Affrontements toujours en cours
Sur le terrain, dans l'est de l'Ukraine, les affrontements se poursuivaient lundi, Kiev faisant état d'une quinzaine de bombardements des rebelles prorusses, dans lesquels deux soldats et un civil ukrainiens ont été tués. Les rebelles ont quant à eux fait état de trois civils ayant péri dans des bombardements ces dernières 24 heures, des affirmations invérifiables de source indépendante. La Russie a assuré lundi qu'au moins 61'000 personnes avaient été "évacuées" des zones séparatistes vers son territoire.
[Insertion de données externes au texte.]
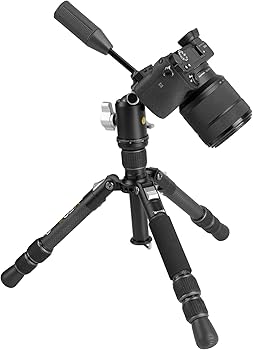 Amazon | VANGUARD｜VEO 3TT 233 CBP｜テーブル三脚｜VEO 3TTシリーズ
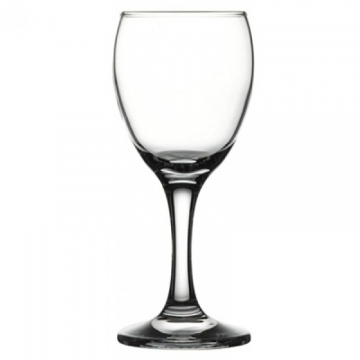IMPERIAL WHITE WINE 198CC H: 16CM PLT/864 FLX12.SHR24 (smF)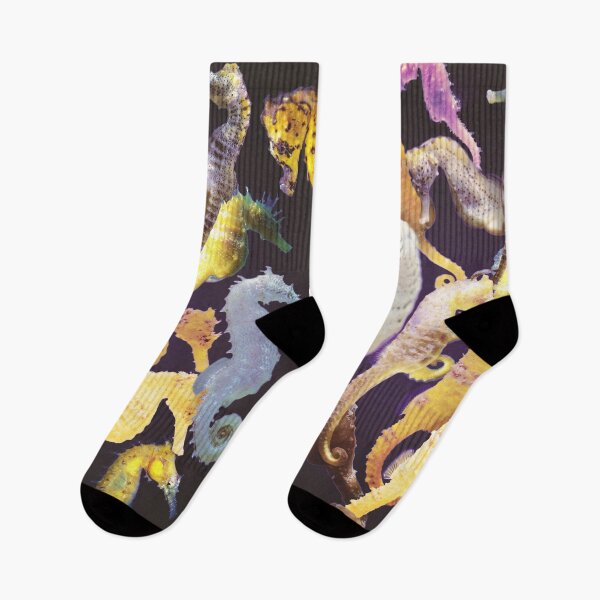 Item preview, Seahorses designed and sold by MaxencePierrard.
Moscou et Kiev s'accusent d'être responsables de cette flambée de violences dans un conflit qui a fait plus de 14'000 morts depuis son déclenchement en 2014, dans la foulée de l'annexion de la péninsule ukrainienne de Crimée par la Russie.
Les Russes se défendent de tout projet d'invasion de l'Ukraine, mais réclament l'assurance que Kiev ne rejoindra jamais l'OTAN comme condition à toute désescalade.
Plus de 3000 violations de la trêve, selon l'OSCE
Les observateurs de l'Organisation pour la sécurité et la coopération en Europe (OSCE) ont enregistré en 48 heures plus de 3200 nouvelles violations de la trêve censée être en vigueur dans l'est de l'Ukraine, ont-ils annoncé dans un communiqué publié lundi.
L'OSCE a recensé 2158 violations dans la région de Donetsk et 1073 dans celle de Lougansk, tenues en partie par les séparatistes prorusses en guerre contre Kiev.